- **WHAT IS EXPECTED**
Repeat exactly the lines beginning at the one that contains "Эспандер ленточный многофункциональный" and running to the end of the material. Omit the pictures.

- **INFORMATION SUPPLIED**
----------------------------------------

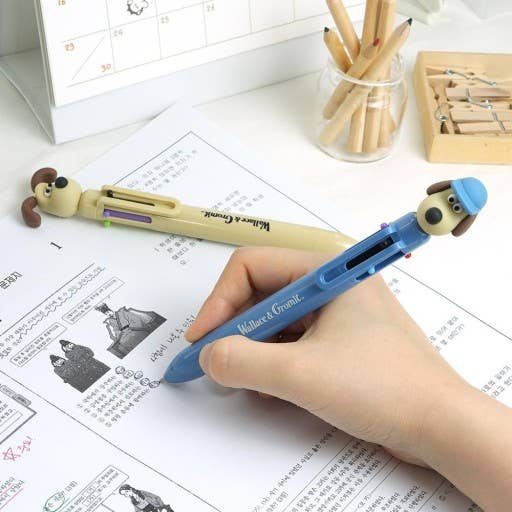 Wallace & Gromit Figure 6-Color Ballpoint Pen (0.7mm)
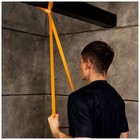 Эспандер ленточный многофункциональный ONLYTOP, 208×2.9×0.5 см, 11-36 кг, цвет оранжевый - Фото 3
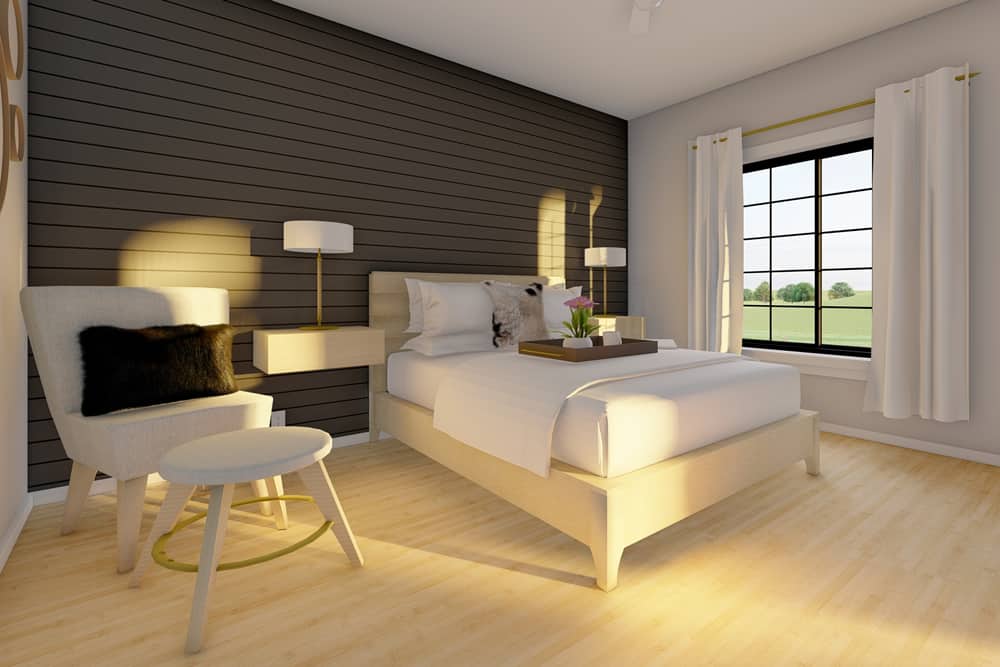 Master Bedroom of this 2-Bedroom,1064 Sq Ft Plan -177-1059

----------------------------------------

- **EXERCISE RESPONSE**
 Эспандер ленточный многофункциональный ONLYTOP, 208×2.9×0.5 см, 11-36 кг, цвет оранжевый - Фото 3
 Master Bedroom of this 2-Bedroom,1064 Sq Ft Plan -177-1059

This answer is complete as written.